Aufgrund der Stellung des Deutschen Ordens als Körperschaft des öffentlichen Rechts, die unmittelbar dem Vatikan unterstellt ist, hat der Freistaat keinerlei Weisungsbefugnisse gegenüber dem Deutschen Orden. Das Sanierungsgutachten der KPMG betrifft ausschließlich den internen Geschäftsbereich des Deutschen Ordens und unterliegt somit naturgemäß dem Geschäftsgeheimnis. Selbstverständlich wollen zuerst die Hauptbetroffenen, nämlich die zahlreichen Gläubigerbanken des Deutschen Ordens, das Gutachten einer eingehenden Überprüfung unterziehen, bevor irgendwelche Inhalte daraus in der Öffentlichkeit diskutiert werden. Das KPMG-Gutachten ist dem Sanierungsausschuss zu Beginn dieses Monats vorgestellt worden.
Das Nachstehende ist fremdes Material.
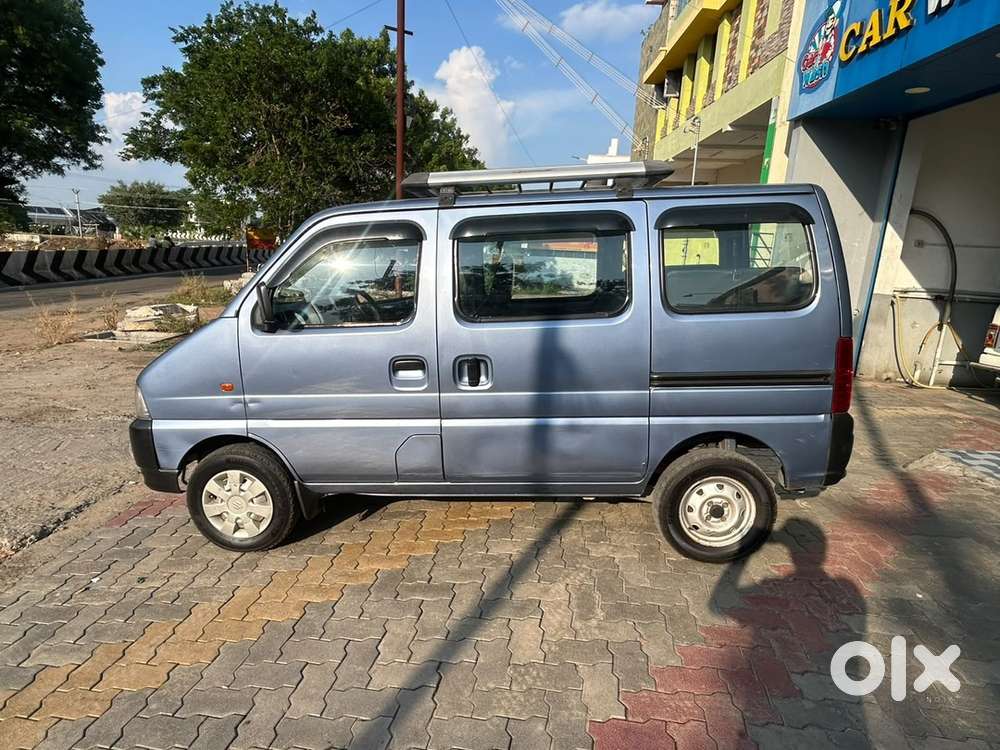 Maruti Suzuki Eeco 2020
Ende dieses Monats kommen nun alle Gläubigerbanken zusammen, die dann auch das KPMG-Gutachten vorgestellt bekommen und darüber diskutieren werden.

Unabhängig von der Rechtslage ist zu sagen, dass es wohl das Ungeschickteste ist, was einer Einrichtung widerfahren kann, wenn ihr Sanierungskonzept auf dem freien Markt diskutiert wird.

(Beifall bei der CSU)

Damit würde man eine Sanierung meines Erachtens nicht nur gefährden, sondern möglicherweise sogar verhindern. Das ist kontraproduktiv für die Erhaltung der Krankenhäuser und für die Erhaltung der Arbeitsplätze in Buchloe und Dillingen. Letzteres liegt, wie ich hoffe, doch gemeinsam in unserem Interesse.